• [What is required]:
Could the entries below be transcribed word for word, with the pictures omitted?

• [Provided data]:
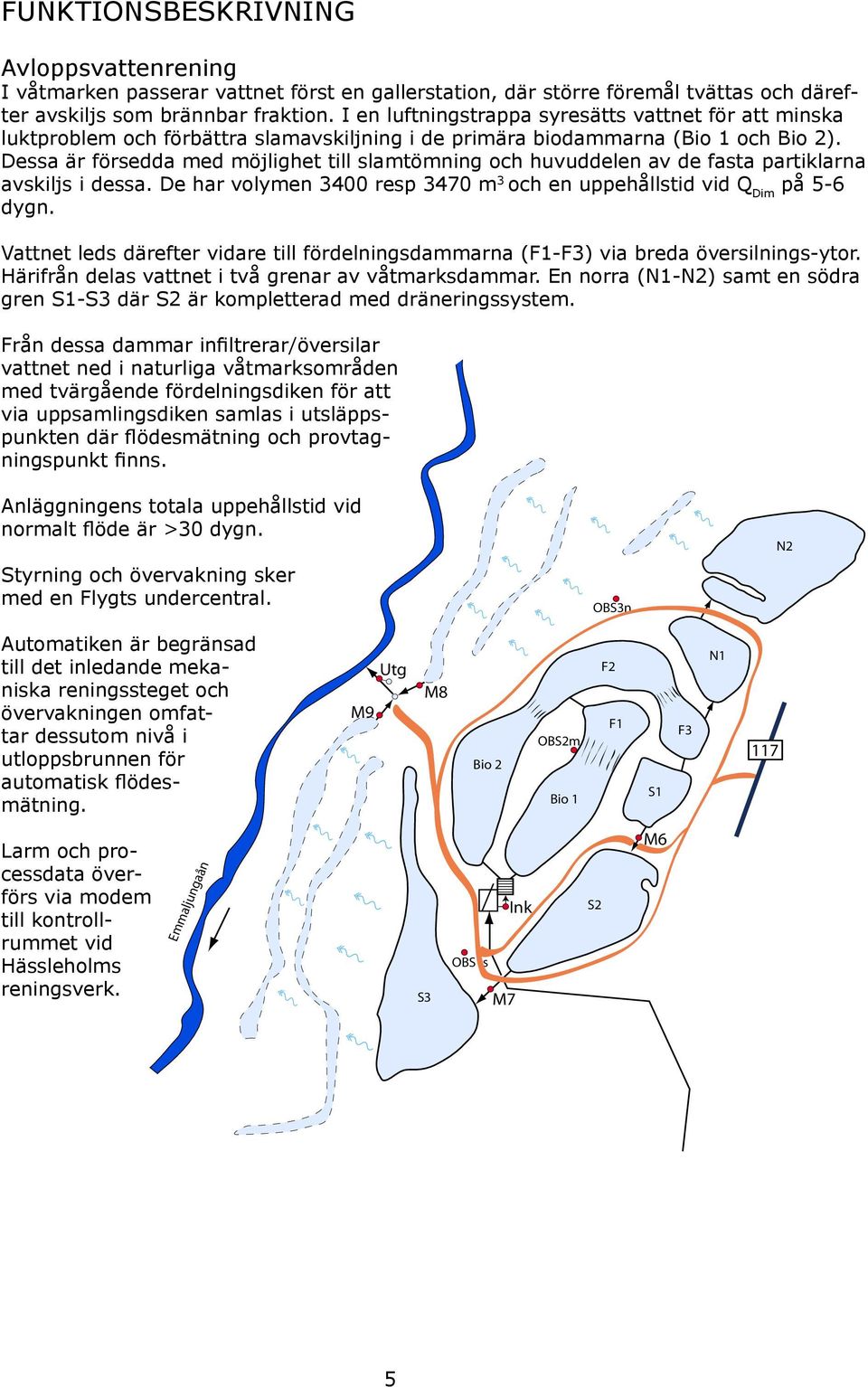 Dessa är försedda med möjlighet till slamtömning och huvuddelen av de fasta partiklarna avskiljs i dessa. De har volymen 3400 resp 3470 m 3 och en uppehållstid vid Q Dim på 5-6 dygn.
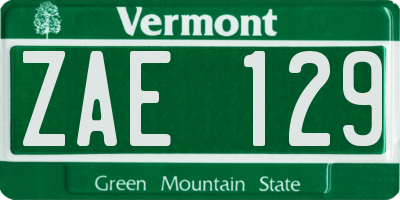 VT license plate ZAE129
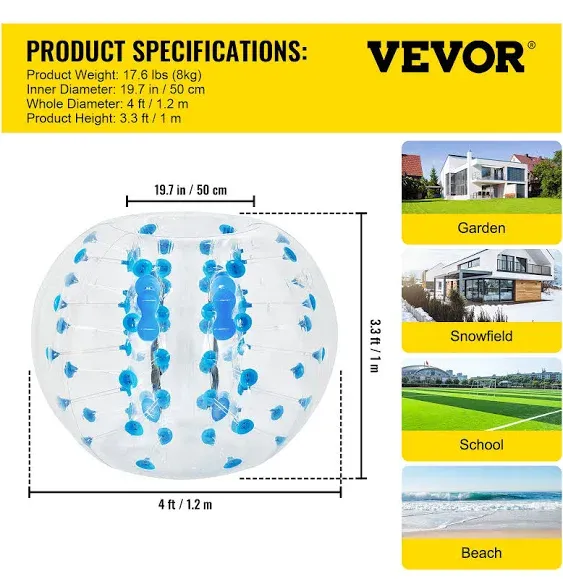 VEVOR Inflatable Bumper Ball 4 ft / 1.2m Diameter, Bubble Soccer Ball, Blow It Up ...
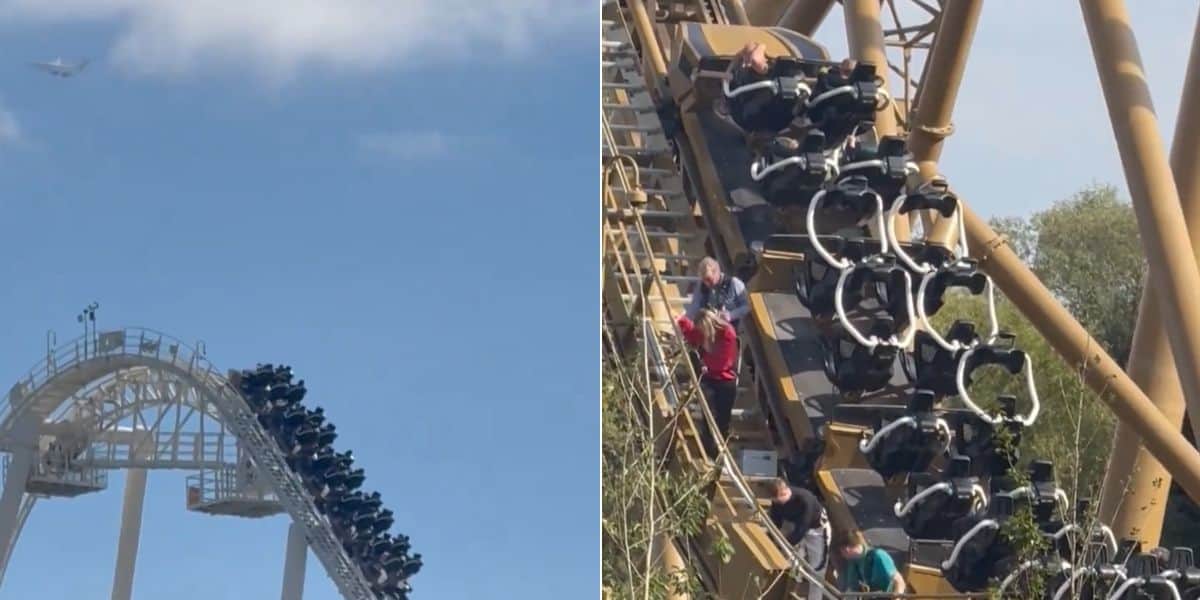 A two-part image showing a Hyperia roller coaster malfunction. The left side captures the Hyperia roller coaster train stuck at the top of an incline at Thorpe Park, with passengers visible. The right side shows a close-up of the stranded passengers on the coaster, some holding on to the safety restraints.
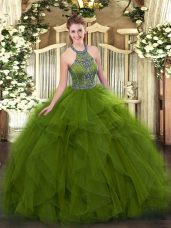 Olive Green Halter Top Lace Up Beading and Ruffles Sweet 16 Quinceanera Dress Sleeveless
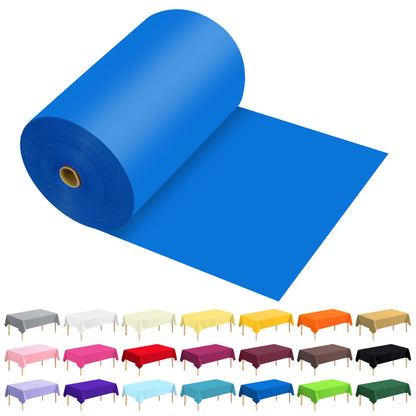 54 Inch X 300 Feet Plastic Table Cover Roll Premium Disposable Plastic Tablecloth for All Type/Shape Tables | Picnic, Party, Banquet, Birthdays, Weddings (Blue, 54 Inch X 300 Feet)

• [Exercise solution]:
 Dessa är försedda med möjlighet till slamtömning och huvuddelen av de fasta partiklarna avskiljs i dessa. De har volymen 3400 resp 3470 m 3 och en uppehållstid vid Q Dim på 5-6 dygn.
 VT license plate ZAE129
 VEVOR Inflatable Bumper Ball 4 ft / 1.2m Diameter, Bubble Soccer Ball, Blow It Up ...
 A two-part image showing a Hyperia roller coaster malfunction. The left side captures the Hyperia roller coaster train stuck at the top of an incline at Thorpe Park, with passengers visible. The right side shows a close-up of the stranded passengers on the coaster, some holding on to the safety restraints.
 Olive Green Halter Top Lace Up Beading and Ruffles Sweet 16 Quinceanera Dress Sleeveless
 54 Inch X 300 Feet Plastic Table Cover Roll Premium Disposable Plastic Tablecloth for All Type/Shape Tables | Picnic, Party, Banquet, Birthdays, Weddings (Blue, 54 Inch X 300 Feet)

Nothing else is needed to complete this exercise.